Carnelian watched the creatures struggling on the other bank. 'Are those sartlar?'

'Of course. Repulsive, neh?' He pointed an arm upstream. 'No doubt we shall have to follow their stinking march through that.'

Carnelian followed his finger. The valley was still in shadow but he could see that it seemed to be set with dark jewels. The stream came out of it through something that looked like a wall stretched across its mouth.

Aurum sent the Marula into the stream with a motion of his hand. As they crumbled the banks into the water their aquar stumbled, jolting their riders. Then they were wading up against the flow with the water foaming red against their legs. The baggage animals were next. Seeing it was safe, the Masters urged their aquar after them.
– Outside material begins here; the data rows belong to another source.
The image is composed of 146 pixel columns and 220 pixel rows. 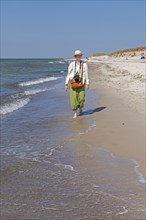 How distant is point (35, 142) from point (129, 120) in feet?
7.85

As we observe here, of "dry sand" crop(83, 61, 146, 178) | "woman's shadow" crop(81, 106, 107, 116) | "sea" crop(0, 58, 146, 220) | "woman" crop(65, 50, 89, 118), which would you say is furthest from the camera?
"woman's shadow" crop(81, 106, 107, 116)

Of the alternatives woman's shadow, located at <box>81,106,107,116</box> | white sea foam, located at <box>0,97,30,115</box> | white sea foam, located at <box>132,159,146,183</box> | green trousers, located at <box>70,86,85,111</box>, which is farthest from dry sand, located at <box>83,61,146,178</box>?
white sea foam, located at <box>0,97,30,115</box>

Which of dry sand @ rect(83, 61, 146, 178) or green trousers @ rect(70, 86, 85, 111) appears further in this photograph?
green trousers @ rect(70, 86, 85, 111)

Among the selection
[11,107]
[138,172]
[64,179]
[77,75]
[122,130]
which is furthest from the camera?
[11,107]

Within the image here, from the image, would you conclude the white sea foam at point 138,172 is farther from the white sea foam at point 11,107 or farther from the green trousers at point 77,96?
the white sea foam at point 11,107

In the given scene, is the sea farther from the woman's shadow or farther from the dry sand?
the woman's shadow

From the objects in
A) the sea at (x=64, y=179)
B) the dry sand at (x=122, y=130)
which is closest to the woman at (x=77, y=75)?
the dry sand at (x=122, y=130)

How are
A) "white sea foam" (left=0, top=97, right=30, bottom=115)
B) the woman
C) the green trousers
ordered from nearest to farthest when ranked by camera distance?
1. the woman
2. the green trousers
3. "white sea foam" (left=0, top=97, right=30, bottom=115)

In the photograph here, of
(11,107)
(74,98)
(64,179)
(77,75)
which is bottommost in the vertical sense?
(64,179)

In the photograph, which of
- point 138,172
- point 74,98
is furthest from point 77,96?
point 138,172

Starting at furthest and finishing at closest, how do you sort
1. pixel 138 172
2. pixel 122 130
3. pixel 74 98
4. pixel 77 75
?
pixel 74 98 < pixel 77 75 < pixel 122 130 < pixel 138 172

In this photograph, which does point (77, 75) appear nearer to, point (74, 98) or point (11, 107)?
point (74, 98)

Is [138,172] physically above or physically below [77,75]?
below

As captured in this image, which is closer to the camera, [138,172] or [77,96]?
[138,172] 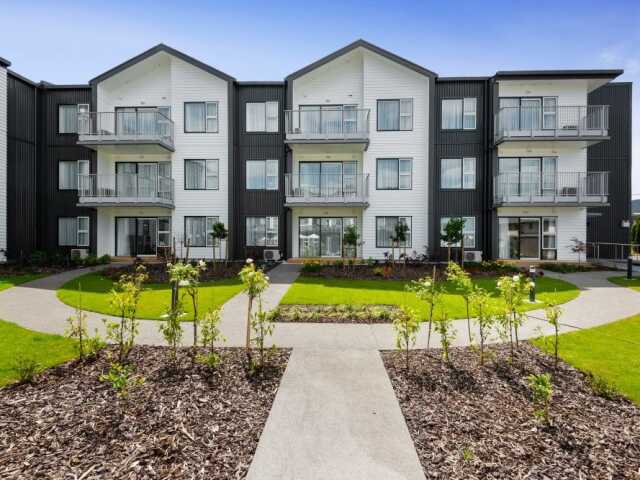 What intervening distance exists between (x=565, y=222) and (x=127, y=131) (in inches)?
1057

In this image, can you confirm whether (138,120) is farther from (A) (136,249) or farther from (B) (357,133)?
(B) (357,133)

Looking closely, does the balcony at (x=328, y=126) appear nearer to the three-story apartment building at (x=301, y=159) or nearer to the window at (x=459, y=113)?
the three-story apartment building at (x=301, y=159)

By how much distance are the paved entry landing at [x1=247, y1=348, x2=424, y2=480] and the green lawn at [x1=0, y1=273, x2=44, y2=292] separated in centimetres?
1294

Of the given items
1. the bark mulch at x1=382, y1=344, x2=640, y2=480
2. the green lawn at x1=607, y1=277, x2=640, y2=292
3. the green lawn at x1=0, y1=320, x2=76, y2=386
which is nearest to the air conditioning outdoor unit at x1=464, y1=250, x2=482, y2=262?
the green lawn at x1=607, y1=277, x2=640, y2=292

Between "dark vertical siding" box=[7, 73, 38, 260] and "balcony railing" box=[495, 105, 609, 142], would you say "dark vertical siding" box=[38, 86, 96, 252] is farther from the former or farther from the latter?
"balcony railing" box=[495, 105, 609, 142]

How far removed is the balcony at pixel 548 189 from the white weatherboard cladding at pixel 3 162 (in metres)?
27.4

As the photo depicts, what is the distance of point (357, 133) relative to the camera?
63.4 ft

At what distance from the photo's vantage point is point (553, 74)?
763 inches

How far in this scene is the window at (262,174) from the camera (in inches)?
826

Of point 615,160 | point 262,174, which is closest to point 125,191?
point 262,174

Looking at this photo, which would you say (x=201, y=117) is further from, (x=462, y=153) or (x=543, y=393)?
(x=543, y=393)

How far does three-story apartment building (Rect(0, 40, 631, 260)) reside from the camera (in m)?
19.6

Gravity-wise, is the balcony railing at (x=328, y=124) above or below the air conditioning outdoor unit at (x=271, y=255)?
above

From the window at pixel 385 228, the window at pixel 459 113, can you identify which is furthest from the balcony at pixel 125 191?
the window at pixel 459 113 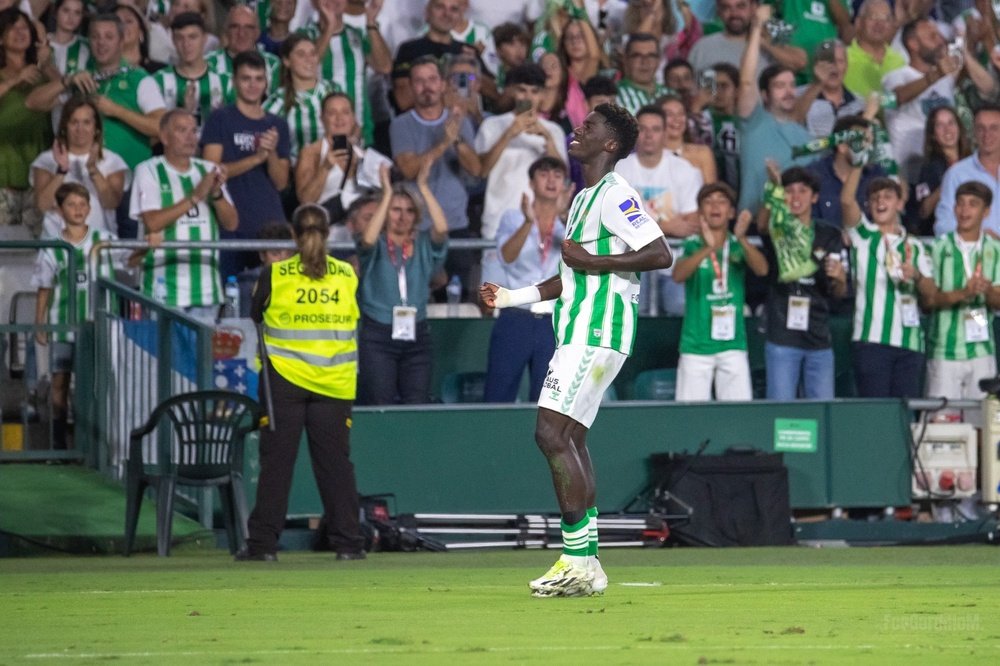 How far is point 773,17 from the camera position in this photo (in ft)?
57.4

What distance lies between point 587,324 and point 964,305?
25.3 feet

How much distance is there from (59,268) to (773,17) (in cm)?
770

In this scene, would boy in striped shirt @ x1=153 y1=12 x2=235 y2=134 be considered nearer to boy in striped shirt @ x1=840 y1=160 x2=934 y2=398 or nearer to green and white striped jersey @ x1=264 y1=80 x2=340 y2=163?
green and white striped jersey @ x1=264 y1=80 x2=340 y2=163

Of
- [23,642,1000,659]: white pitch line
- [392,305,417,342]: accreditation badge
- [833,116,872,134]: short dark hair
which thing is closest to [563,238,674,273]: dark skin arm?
[23,642,1000,659]: white pitch line

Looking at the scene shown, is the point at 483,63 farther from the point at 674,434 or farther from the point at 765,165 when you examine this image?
the point at 674,434

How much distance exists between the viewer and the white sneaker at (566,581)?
8023 mm

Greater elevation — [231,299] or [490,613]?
[231,299]

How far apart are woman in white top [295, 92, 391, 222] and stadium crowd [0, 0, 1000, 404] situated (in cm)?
2

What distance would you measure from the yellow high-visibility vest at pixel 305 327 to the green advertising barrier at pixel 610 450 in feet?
6.66

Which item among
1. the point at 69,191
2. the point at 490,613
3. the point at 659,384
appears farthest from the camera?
the point at 659,384

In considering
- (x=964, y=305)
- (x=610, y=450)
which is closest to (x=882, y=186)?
(x=964, y=305)

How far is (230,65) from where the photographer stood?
49.7 ft

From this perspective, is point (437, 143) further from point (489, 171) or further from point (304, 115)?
point (304, 115)

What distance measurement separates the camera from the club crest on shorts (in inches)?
320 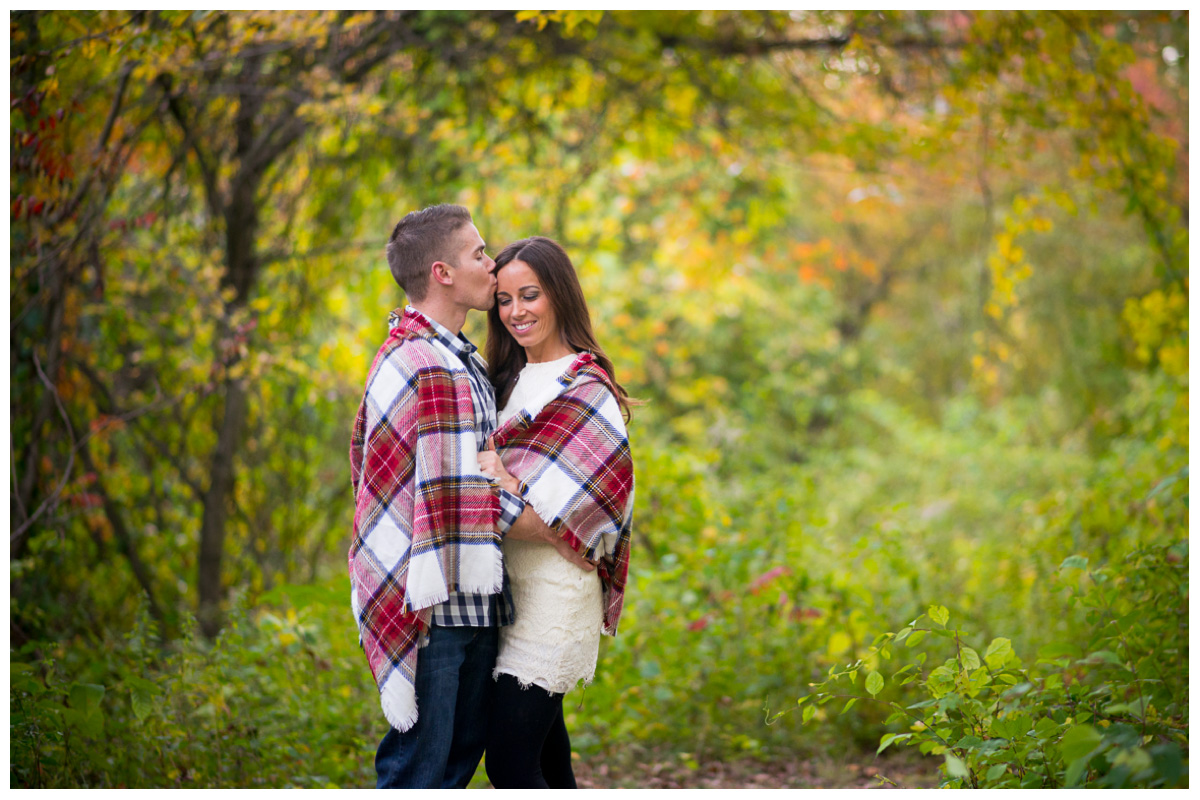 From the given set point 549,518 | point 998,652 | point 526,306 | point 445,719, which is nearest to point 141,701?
point 445,719

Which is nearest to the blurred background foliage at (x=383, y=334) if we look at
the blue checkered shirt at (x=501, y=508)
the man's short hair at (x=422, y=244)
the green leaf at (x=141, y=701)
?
the green leaf at (x=141, y=701)

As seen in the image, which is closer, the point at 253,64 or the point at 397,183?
the point at 253,64

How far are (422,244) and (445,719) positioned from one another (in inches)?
38.1

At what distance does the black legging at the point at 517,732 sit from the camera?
6.14 ft

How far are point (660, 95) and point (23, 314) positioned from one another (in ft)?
9.84

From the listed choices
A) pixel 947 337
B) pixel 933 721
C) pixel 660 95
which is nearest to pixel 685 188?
pixel 660 95

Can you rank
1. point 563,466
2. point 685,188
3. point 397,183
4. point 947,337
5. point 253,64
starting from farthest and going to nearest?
point 947,337 → point 685,188 → point 397,183 → point 253,64 → point 563,466

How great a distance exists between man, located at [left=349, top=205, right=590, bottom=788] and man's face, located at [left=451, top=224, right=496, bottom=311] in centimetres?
12

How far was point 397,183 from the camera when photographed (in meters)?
4.77

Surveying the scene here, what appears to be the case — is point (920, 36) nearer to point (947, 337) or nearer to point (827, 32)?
point (827, 32)

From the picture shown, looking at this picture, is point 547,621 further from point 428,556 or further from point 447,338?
point 447,338

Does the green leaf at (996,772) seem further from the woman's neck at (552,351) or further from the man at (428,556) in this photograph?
the woman's neck at (552,351)

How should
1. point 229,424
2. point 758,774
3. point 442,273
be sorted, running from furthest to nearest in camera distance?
point 229,424 → point 758,774 → point 442,273

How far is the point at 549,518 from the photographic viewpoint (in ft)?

Carnelian followed Jaspar. He watched him sway as his aquar slid down the bank. Then it was his turn. He gripped the chair rim but was still thrown about and almost pitched forward into the eddying stinking water. Soon he was making his way up the channel with the others.

They reached the sartlar and pushed into their march. He could see that it was spiral ammonites that filled their baskets. The aquar jostled the sartlar out of the way. Carnelian saw shells knocked out of the baskets being trodden into the water by the sartlar's spade feet. He wanted to see their faces but not a single one turned to watch them pass.

The wall was close now, so close Carnelian could see it was a scree. Little avalanches clinked down and he realized the whole slope was made up from fragments of ammonite shell.

He felt a change in his aquar's footfalls. Each impact was sharper. Peering down into the water he saw the channel was now lined with stone. Two buttresses rose up to hold back the hills of shells. Between them was a gap out from which the stream flowed. Soon masonry had risen on either side. The other Masters were in the noisy space with him, being carried along by the sartlar tide whose burdens formed a mosaic that hid them from view. Carnelian saw a leathery hand fumble up to steady a basket. One of the sartlar became entangled in the legs of Jaspar's aquar and was knocked down. Its shellfish load pattered into the water like stones. Other sartlar bleated and tried to get out of the way. The aquar's plumes flared. It trumpeted. Its claws churned the sartlar's body into the stream as it tried to keep its footing. There was a gurgling shriek, some crunching sounds that might have been crushing shells. Jaspar pulled his aquar back into control, then moved on.

Carnelian's aquar stepped around the floating mess. He glimpsed a face into which a spiral had been branded so deeply, the nose was in several chunks. He could not look away, even though he had to lean out dangerously to keep the corpse in sight. The baskets meshed and it was gone. He looked ahead, troubled, to find that they had come through the gap into a valley that was carved and gouged into a complex honeycomb awrithe with sartlar.

Jaspar affected a cough. 'It is unusual to find oneself in a drain.'

The channel swelled into a great sink whose walls were streaked abattoir-brown and pierced by many dribbling mouths. Gutter lips wedged into the top of the wall were disgorging thick dark jets. Meaty chunks made them spit and splutter. Carnelian watched a hunched sartlar using a paddle as if it were a broom to brush a sodden lump over the edge so that it splashed into the pool below. That pool poured its bloody mixture past their aquars' feet. Carnelian felt as if he were choking.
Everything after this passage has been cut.